How to Write Memory Efficient Loops in Python

Siavash Yasini
Analytics Vidhya
Published in
5 min readJun 30, 2020

--

A visual guide to generators and three ways to implement them

Photo by Tine Ivanič on Unsplash

In python, when you build a list of numbers, images, files, or any other object that you want to iterate through, you’re essentially piling up memory as you put new items on the list, i.e. every time you do your_list.append(new_item) your list consumes a chunk of memory equal to sys.getsizeof(new_item). The problem here is that if your list is too long or your items are too large (or a combination of the two) you might end up using too much memory or even run out of it.
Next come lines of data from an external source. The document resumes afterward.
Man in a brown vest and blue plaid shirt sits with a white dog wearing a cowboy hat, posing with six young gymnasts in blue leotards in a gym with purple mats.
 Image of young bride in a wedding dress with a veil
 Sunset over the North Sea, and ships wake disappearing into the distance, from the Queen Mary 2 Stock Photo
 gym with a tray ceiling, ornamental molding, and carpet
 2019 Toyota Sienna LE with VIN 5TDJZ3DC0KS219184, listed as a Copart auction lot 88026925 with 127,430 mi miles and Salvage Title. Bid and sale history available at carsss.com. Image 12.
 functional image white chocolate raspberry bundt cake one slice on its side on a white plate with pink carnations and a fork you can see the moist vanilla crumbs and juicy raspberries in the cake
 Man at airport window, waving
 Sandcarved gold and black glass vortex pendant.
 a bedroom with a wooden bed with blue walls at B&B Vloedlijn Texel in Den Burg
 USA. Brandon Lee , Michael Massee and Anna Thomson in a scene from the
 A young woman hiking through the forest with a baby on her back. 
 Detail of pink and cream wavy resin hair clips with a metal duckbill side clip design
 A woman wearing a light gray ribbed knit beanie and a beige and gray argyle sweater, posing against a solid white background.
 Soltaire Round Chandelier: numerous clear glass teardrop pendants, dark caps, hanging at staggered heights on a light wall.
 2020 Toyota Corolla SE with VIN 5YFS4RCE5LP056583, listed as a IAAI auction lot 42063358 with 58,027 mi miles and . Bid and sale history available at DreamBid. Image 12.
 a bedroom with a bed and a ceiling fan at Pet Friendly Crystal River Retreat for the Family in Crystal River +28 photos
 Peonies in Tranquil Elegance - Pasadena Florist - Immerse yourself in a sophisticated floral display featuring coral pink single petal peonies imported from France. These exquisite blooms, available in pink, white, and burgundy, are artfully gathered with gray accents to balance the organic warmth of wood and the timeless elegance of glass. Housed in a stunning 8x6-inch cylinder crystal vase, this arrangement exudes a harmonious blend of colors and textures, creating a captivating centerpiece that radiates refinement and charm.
However, in most situations when you iterate through a list you only need to have access to the items one at a time and not everything all at once. An example that I run into a lot in my line of work is stacking images: Let’s say I have about 500 2D images each with 1000 pixels on the side and I want to stack all of them together and take an average (replace this with your favorite memory consuming example, e.g. loading these images from file to train you awesome CNN model).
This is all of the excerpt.